2013-04-23 00:00:01 | エッセイ、コラム
2012/04/23
ぽかぽか春庭感激感激日記>演じられた母たち(4)あかつきは来るのか

 ラスト、デモのシーンで、登場人物がやや力なく歌いながら、狭い舞台の中をぐるぐると歩きまわる。1970年代後半にそうであったように、力を失い、しょぼしょぼと歌われるようになり、皮肉をこめて歌われるようになったインターナショナルを思い出させるようなインターナショナルの歌われ方でありました。

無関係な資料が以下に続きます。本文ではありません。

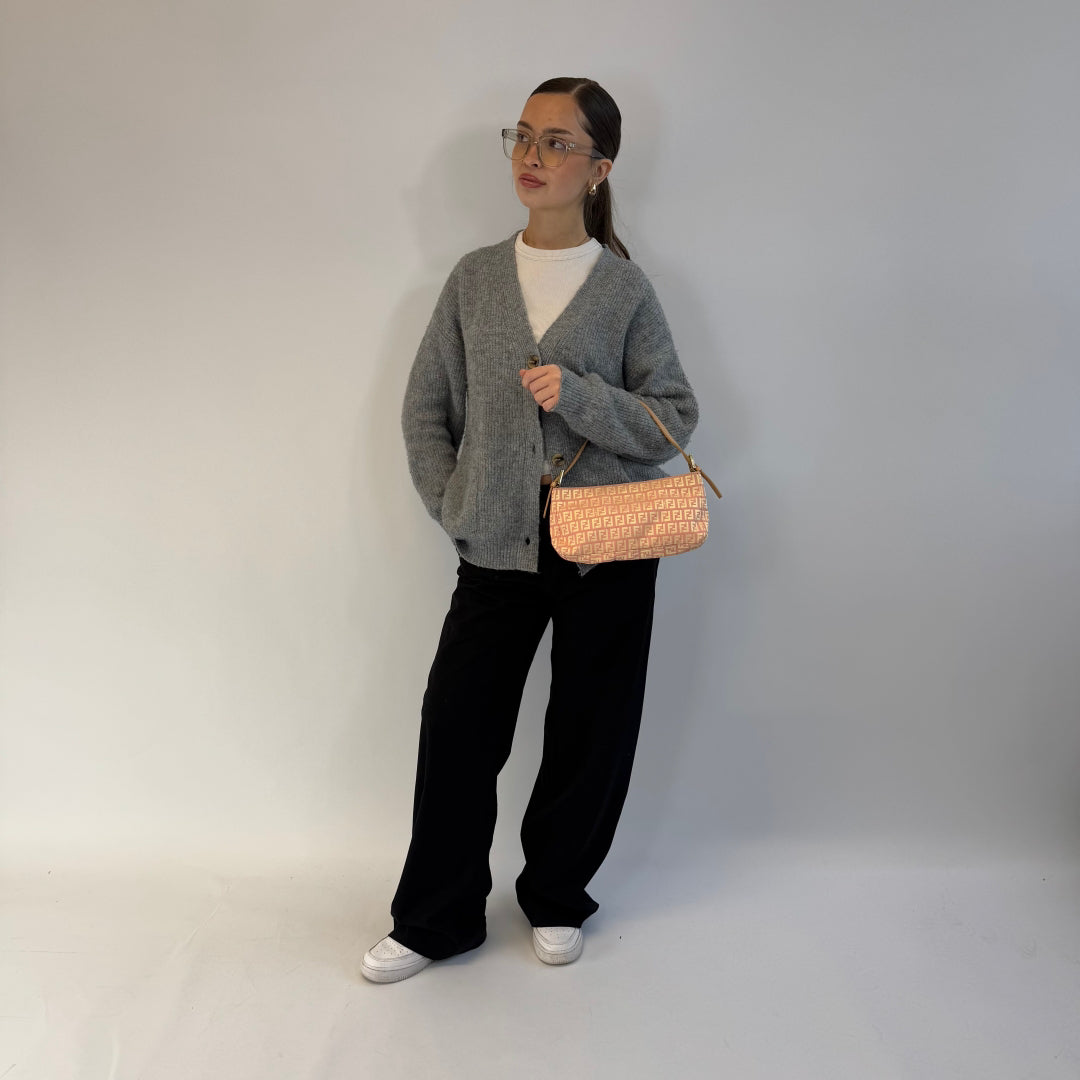 Fendi handbag / pochette in zucchino pattern pink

 椎名麟三が原作を書いた1948(昭和23)年には、インターナショナルは、えらく元気よく歌われていただろうと想像します。「あかつきは来ぬ」と歌っていれば、ほんとうに夜が明けて暁がおとずれると、皆が顔を輝かして歌っただろうと思います。

 原作と演出の違いのなか、あとひとつ、役者の肉体で演じる以上、仕方ないのかなと思えることがありました。原作で、安太は戦傷によって「義足」になったとあり、安太は寝るときは義足をはずして、片足になるのです。安太は毎夜ふとんの中で失われた肉体を意識する。欠落を抱えて眠りにつく。

 舞台では、義足を履くことに無理があったのか、役者は、片方の足に現代の骨折治療用の装着具をはめていました。足を固定するフレームのつなぎの部分は金属で固定されている、ギプスのような装着具です。舞台小道具の記号化にとって、この差は大きい。義足が「欠落」であるのに対して、骨折用装着具は、「固定化=拘束」であるのです。欠落と拘束は、正反対のものであるのです。

 欠落は「そこにない」ものだから。安太が死ぬまぎわに魂の自由を得ることができたのは、欠落ゆえだろうと思います。「拘束ゆえ」ではない。
 役者にとってはつらい動作になるでしょうが、片方の足をうしろに折り曲げて、ズボンの中にかくし、膝の下に義足を結わえておく演出の方がよかったように思います。

 大森匂子がこの戯曲を完成したのは、つかこうへい、野田秀樹、太田省吾らが彗星の如く現れて縦横無尽に舞台を盛り上げていた時期らしい(公演パンフレットによると)
 その頃書き上げていた戯曲を、30~40年後に上演した、その情熱はすごい。しかし、現代において1948年に感じられた「あかつきはきぬ」を演じるのは、むずかしいことだったのだと感じます。

 骨折装着具への違和感と、インターナショナルのしょぼさ、このふたつがこの演劇において印象に残ったほかは、役者たちは熱演だったと思うし、大森匂子の台詞は、よく練られていたと思います。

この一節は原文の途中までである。